There are three main vulnerabilities in general - e-mail, web browsers and computer ports. Nobody is immune.

 

 

THE PHARMER

 

Pharming is a sophisticated form of attack that uses the net's complex addressing system called DNS, to redirect people from legitimate sites to bogus addresses. So, for instance, you enter www.ebay.com in your address bar and are unaware that you have landed at a look-alike site. As yet, these attacks are rare, but they the potential for serious mischief if perfected. Symantec claims that along with phishing, pharming attacks have trebled in the past six months.

SYMPTOMS

 Examine your browser's address bar, where you may notice that the plausible website name is not exactly

what you typed (www.eebay.com, for example) or has an sign in the middle.

FIX

Install and run a specialised browser such as Deepnet Explorer (www.deepnetexplorer.com) or an antidote tool. such as Spoof Stick (www.corestreet.com/spoofstick).
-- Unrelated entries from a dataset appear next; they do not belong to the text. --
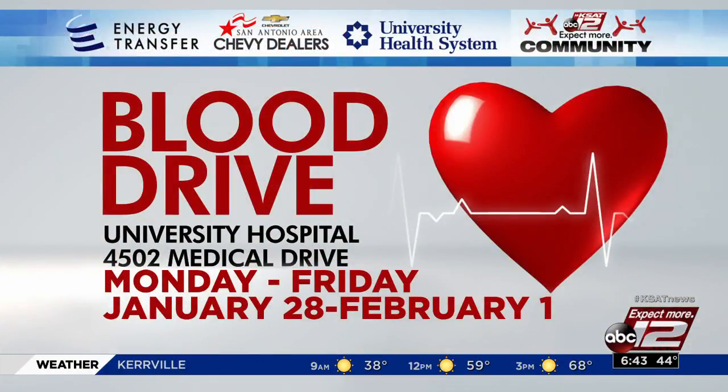That was Max Massey. Remember, our KSAP Community Blood Drive will be at University Hospital from 8:30 to 5. It kicks off today and will end February 1st. Today, the event will be in the lobby of the main building.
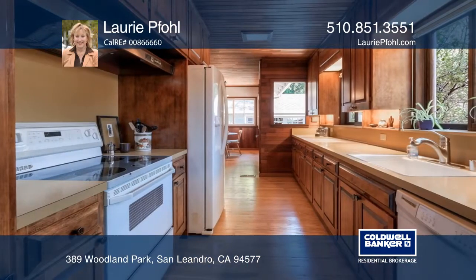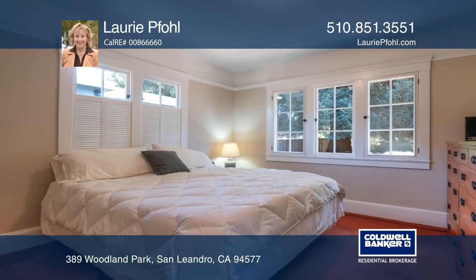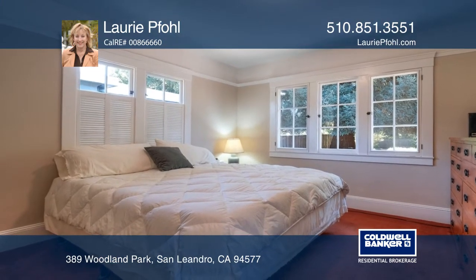The kitchen features a butcher block island, custom walnut cabinets, and redwood ceiling, while the updated bath has a vaulted ceiling and custom Italian tile.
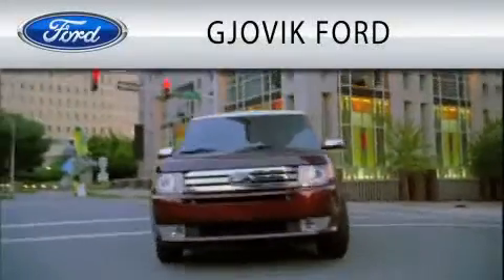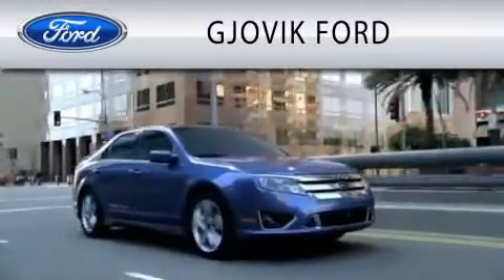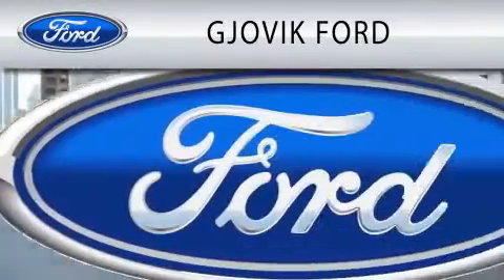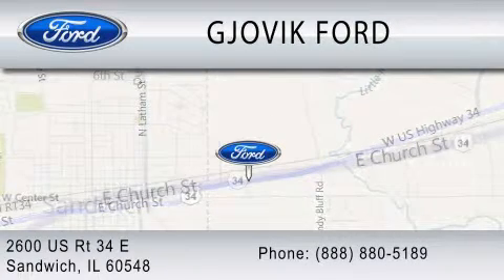Jovic Ford is dedicated to doing everything possible to ensure that the experience you have selecting your next vehicle is as pleasant as possible. We are located at 2600 US Route 34 East in Sandwich.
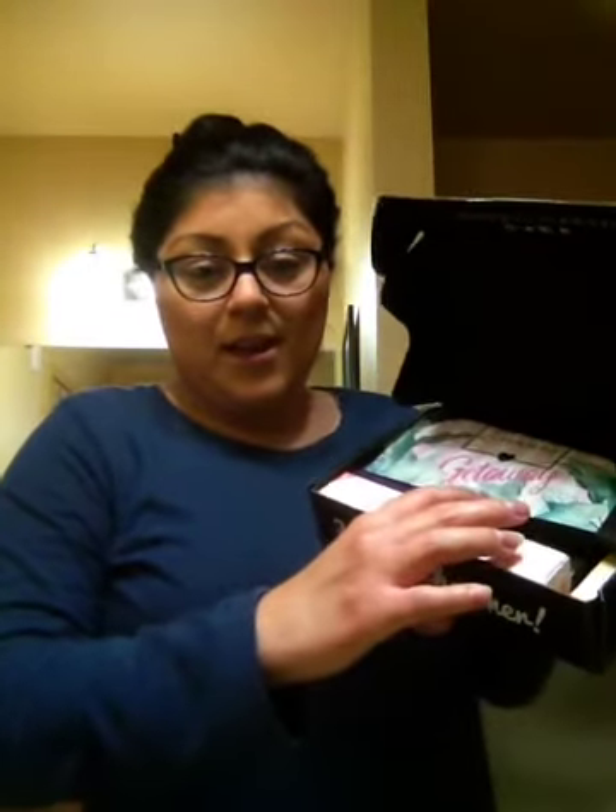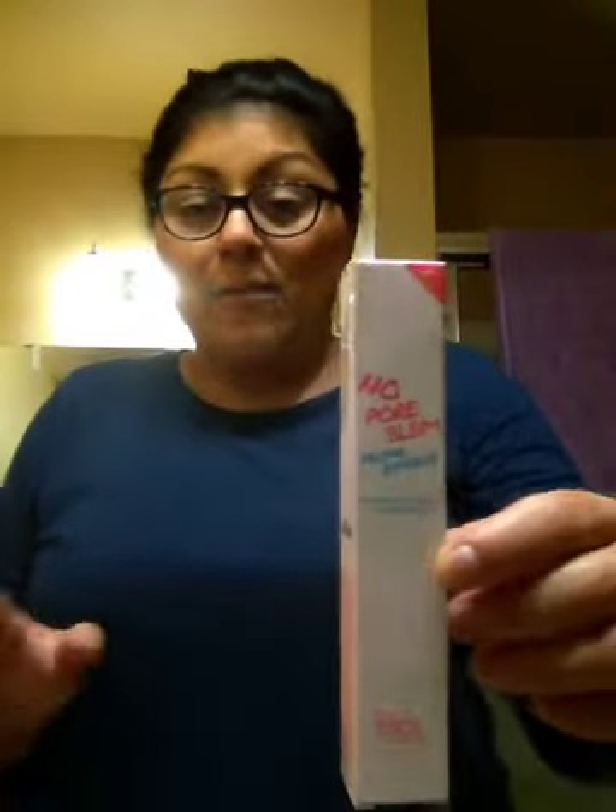So the first thing — look at this box right here — it says 'BoxyCharm Getaway.' A lot of my family is going on vacation this year and I'm not, so I'm a little bummed. This card just tells you what you're getting in your box and what the prices are. I got variation 10. The first thing I got is from Touch & Soul — the No Problem Prime Essence.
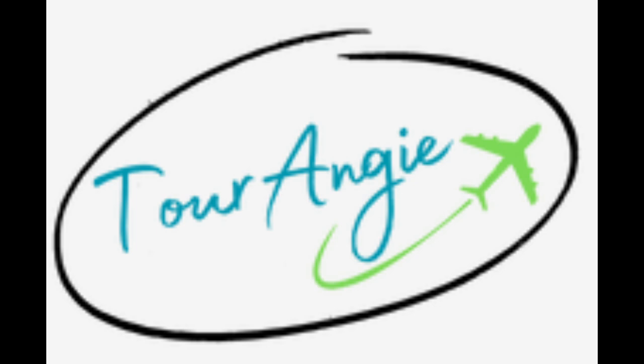This is Angie from ToriAngie.com. I hope you liked the idea of using this type of suite-style room. The Hyatt Hotel in Fort Lauderdale is perfect for Port Everglades and also close to the airport. Come to my website, read my blogs, and make appointments so I can help you plan your next travel adventure.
This software displays the real web address you are visiting outside the address box itself, so you know exactly where you are.

 

THE HACKER

 

Hacking - or, more properly, cracking - is a generic term that means breaking into a computer, either remotely or on site. Cracks may include defacing web­sites or installing software to reveal passwords and sensitive personal details, or logging each key-press made on the keyboard. Last year saw a 36% increase in attacks on web servers - with nearly 400,000 attacks logged around the world by the security firm Zone-h.

SYMPTOMS

 Unfortunately, well-written cracks are almost invisible until it's too late, so always be conscious of security. Modern computer attackers have moved into stealth mode. They want to keep your computer running as if nothing is wrong, so they can use it to launch zombie attacks on selected targets."

FIX

Never give out passwords and sensi­tive account details, or allow strangers to remain in your computer room for long periods without supervision. If you think you have been hacked, run antivirus programs or specialist tools such as Advanced Anti Keylogger Lite (www.spydex.com/advanced-anti-keylogger . html) or the free Ewido suite (www. ewido.net/en/lfeatures) and see if they detect intruders.


SPYWARE

 

Software designed to surreptitiously col­lect and report information about your surfing habits is called spyware. The security firm Computer Associates recently claimed that most computers have about 80 or 90 pieces of potentially malicious code on them, with an average of four pieces of serious spyware. These programs are installed on computers when people download certain software or visit dubious websites.

SYMPTOMS

Most spyware, by definition, operates silently in the background, so is difficult to spot. However, be suspicious if you notice your browser running slowly or Internet Explorer crashing unusually frequently.

FIX

Most ad-supported freeware and free toolbars or search bars are funded by trackers, so stay away from this type of software unless it comes from reput­able companies such as Opera, Yahoo! or Google. To locate and remove, download Ad-Aware from www.lavasoftusa.com (note the correct web address, as there are similarly named fakes). Microsoft has released similar anti-spyware protec­tion, described at tinyurl.com/47cus. Remember to set your virtual policeman to perform a scan automatically and regularly. The price of security is eternal vigilance.